Exercise objective
Lines from the one containing "最让人心酸的矛盾恰恰就在这里" through the last line of the data below are to be returned exactly; leave out the rest.

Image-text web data
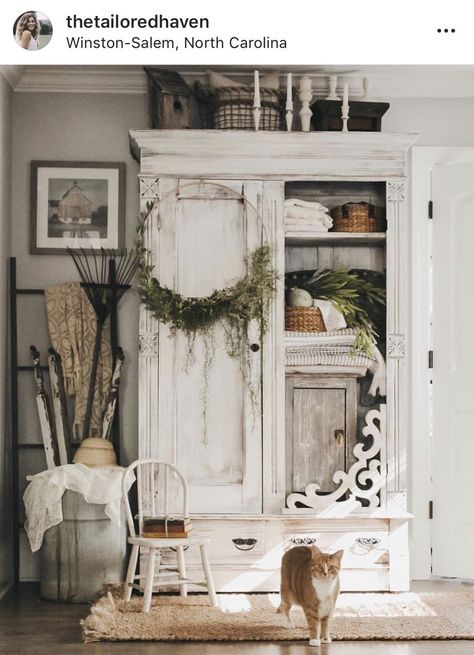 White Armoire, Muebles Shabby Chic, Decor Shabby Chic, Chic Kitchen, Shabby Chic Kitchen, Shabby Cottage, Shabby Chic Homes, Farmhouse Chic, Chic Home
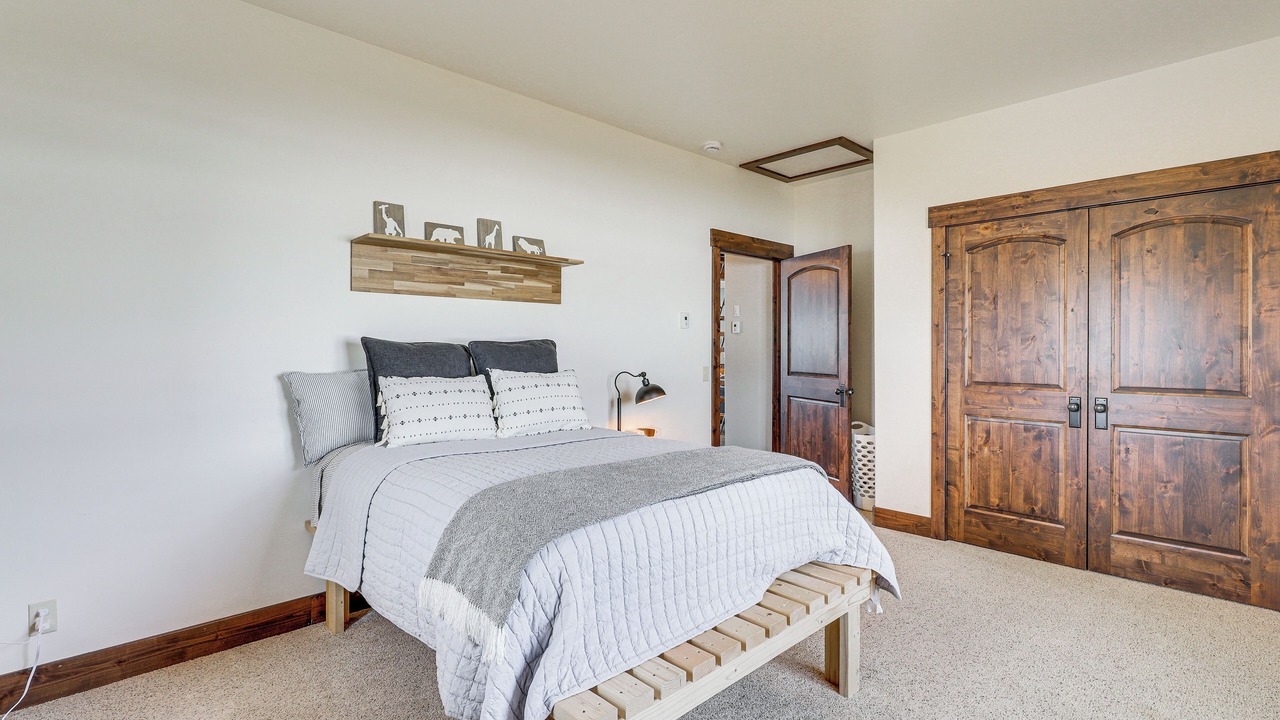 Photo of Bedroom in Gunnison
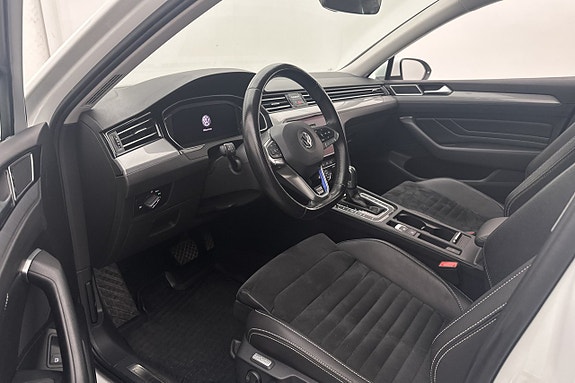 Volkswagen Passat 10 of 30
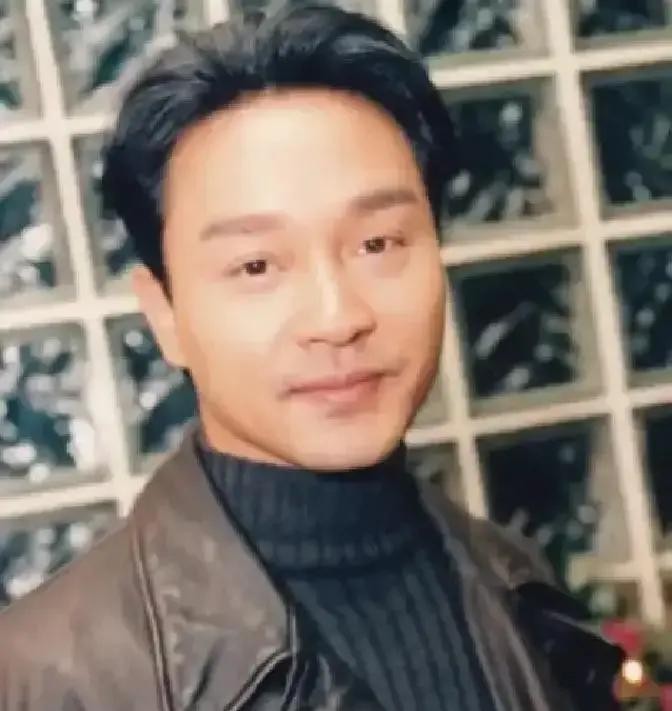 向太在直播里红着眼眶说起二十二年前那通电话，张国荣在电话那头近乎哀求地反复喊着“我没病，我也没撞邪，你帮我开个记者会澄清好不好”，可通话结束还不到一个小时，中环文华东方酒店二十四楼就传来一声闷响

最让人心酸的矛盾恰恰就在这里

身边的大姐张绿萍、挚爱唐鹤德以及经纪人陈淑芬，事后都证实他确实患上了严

Worked solution
最让人心酸的矛盾恰恰就在这里

身边的大姐张绿萍、挚爱唐鹤德以及经纪人陈淑芬，事后都证实他确实患上了严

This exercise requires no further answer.